Sem a produção, a perenidade e a amplitude de uma cultura autoritária, o fascismo teria muito mais dificuldades em se consolidar. É esse processo que permite, por exemplo, o que recentemente aconteceu na Alemanha, onde o extremismo de direita volta a avançar a passos largos. Há poucas semanas, uma confeitaria de Tübingen, pacata cidade do sul do país, famosa por sua universidade e por ter abrigado durante muitos anos o grande filósofo Georg Wilhelm Friedrich Hegel, resolveu desenterrar antigos moldes para a confecção de coelhinhos da páscoa, com o intuito de relembrar aos mais antigos os anos de sua infância. Nada demais, não fosse o fato de que os doces tinham forma de coelhos pilotando tanques e manuseando canhões. Não era uma meninice qualquer a ser relembrada, mas aquela vivida sob os auspícios do nacional-socialismo. A suposta indiferença em relação ao significado do formato só reforça a normalização do que não pode ser admitido.

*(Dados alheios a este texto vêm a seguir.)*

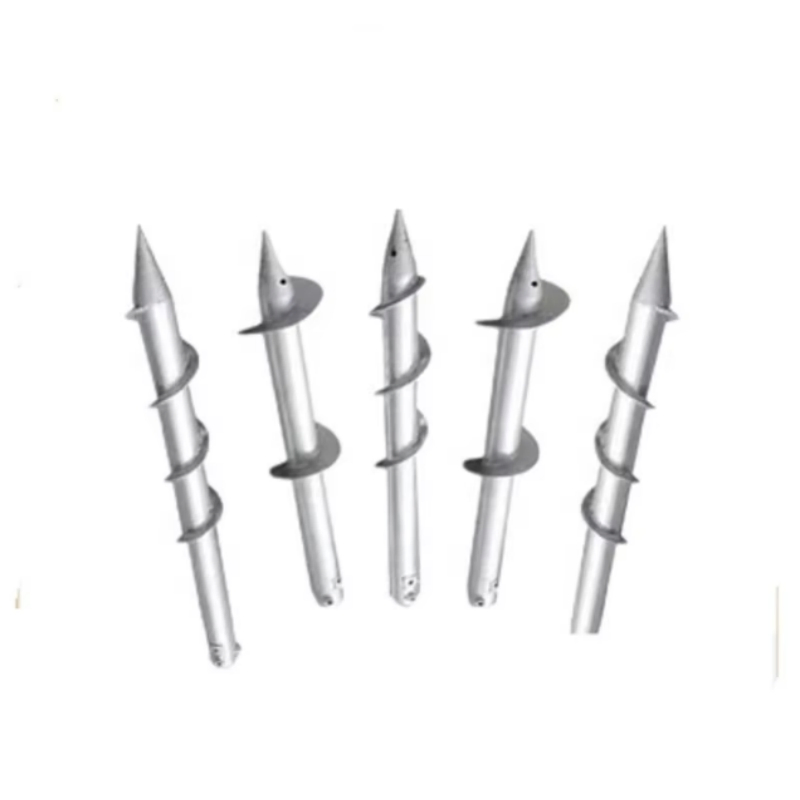 Factory Direct Sale Hot Galvanized Steel Ground Screw Ground Q235 Anchor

O Brasil, como de praxe, não fica para trás. No começo deste abril, leu-se na grande imprensa sobre a existência de um “Hitler da Bahia”, homem de 20 anos, militar do Exército e lutador de jiu-jitsu, que liderava um grupo de 600 pessoas em uma rede social destinado a cometer crimes diversos. Com ele, foram também apreendidos jovens com menos de 18 anos. A Panela Country, como era chamada a comunidade do Telegram, foi, aliás, fundada por dois adolescentes. O líder, cujo nome civil é Luis Alexandre de Oliveira Lessa, foi denunciado por “pedofilia, violência psicológica contra mulher, cyberbullying (intimidação sistemática virtual), perseguição, incitação ao crime, divulgação de pornografia, invasão de dispositivo de uso da polícia e divulgação de informações sigilosas”. As formas de subjetivação contemporânea, muitas delas mediadas por esse órgão corporal irrenunciável que é o aparelho celular, fortalecem na juventude uma cultura masculinista baseada no ódio e na frustração, levando a uma espécie de gozo tão podre quanto ameaçador.
“Quando um nazista senta à mesa com dez pessoas e ninguém se levanta, então são onze os nazistas que a compõem” (Wenn ein Nazi mit 10 Leuten an einem Tisch sitzt und niemand aufsteht, dann sind elf Nazis am Tisch), diz um ditado alemão. A verdade é cada vez mais há extremistas de direita sentando-se à mesa, como se nada de errado ou espantoso houvesse nesse ato. Bem, o inusual não é exatamente que eles tentem se juntar a outros, mas que não nos rebelemos, enfaticamente, contra tal normalização. Precisamos disputar com mais ímpeto e disposição a cultura do nosso tempo.